**GIVEN DATA**:
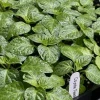 Coyote Zan White Chili Pepper Live Plants - 3 Pack Super Hot Vegetable - Image 1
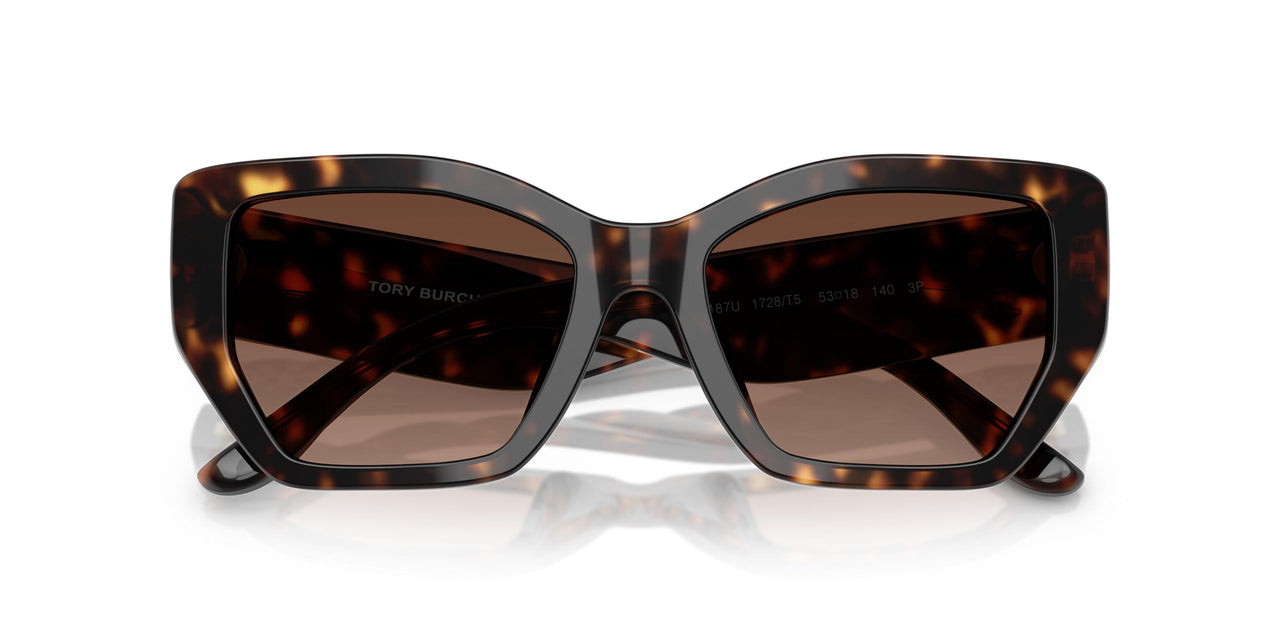 1728T5 - Tortoise - Brown Gradient Polar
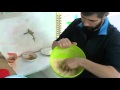 La cría de canarios (como hacer pasta de crías económica )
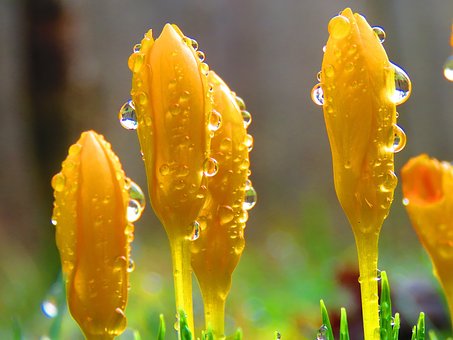 Free Crocuses Raindrop photo and picture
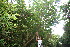  ( - BioBot10434)  @11 [ ] CreativeCommons - Attribution Non-Commercial Share-Alike (2011) Daniel H. Janzen Guanacaste Dry Forest Conservation Fund
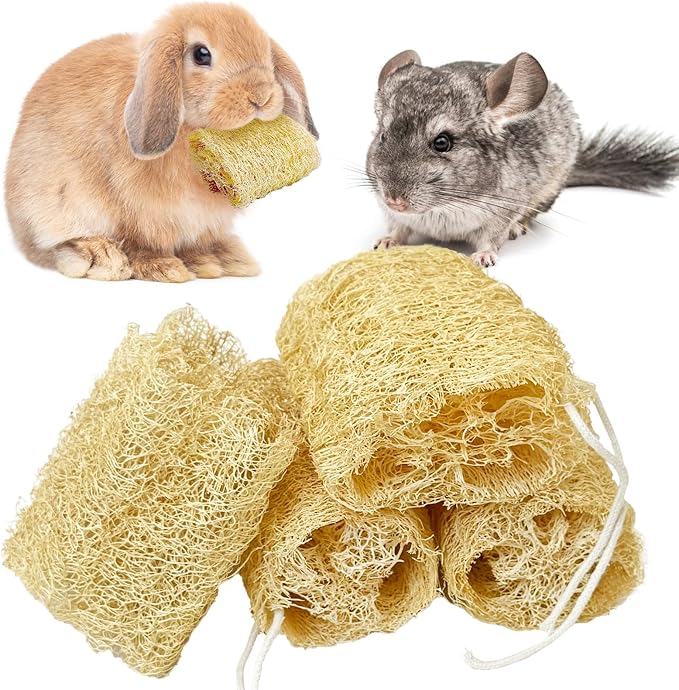 BNOSDM Bunny Chew Toys Natural Loofah 4PCS Bunny Teeth Grinding Toy Rabbit Fiber-Rich Treats Pet Entertainment Accessories for Rabbits Chinchillas Guinea Pig（M）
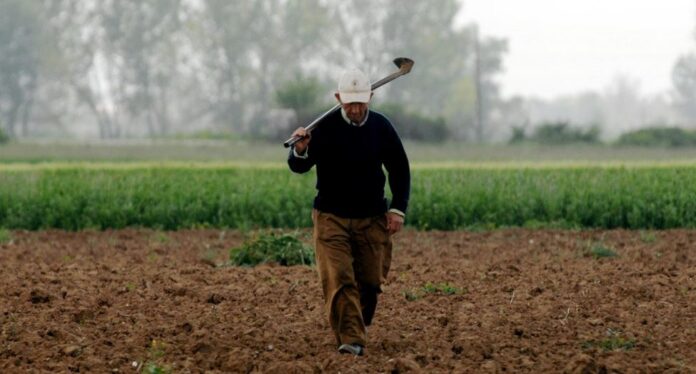 1768235921 agrotes 1.jpg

**TASK INSTRUCTIONS**:
Exactly as written, give again every line from the one containing "Free Crocuses Raindrop photo and picture" through the last line of the material, both included, with the pictures left out.

**REPLY**:
 Free Crocuses Raindrop photo and picture
  ( - BioBot10434)  @11 [ ] CreativeCommons - Attribution Non-Commercial Share-Alike (2011) Daniel H. Janzen Guanacaste Dry Forest Conservation Fund
 BNOSDM Bunny Chew Toys Natural Loofah 4PCS Bunny Teeth Grinding Toy Rabbit Fiber-Rich Treats Pet Entertainment Accessories for Rabbits Chinchillas Guinea Pig（M）
 1768235921 agrotes 1.jpg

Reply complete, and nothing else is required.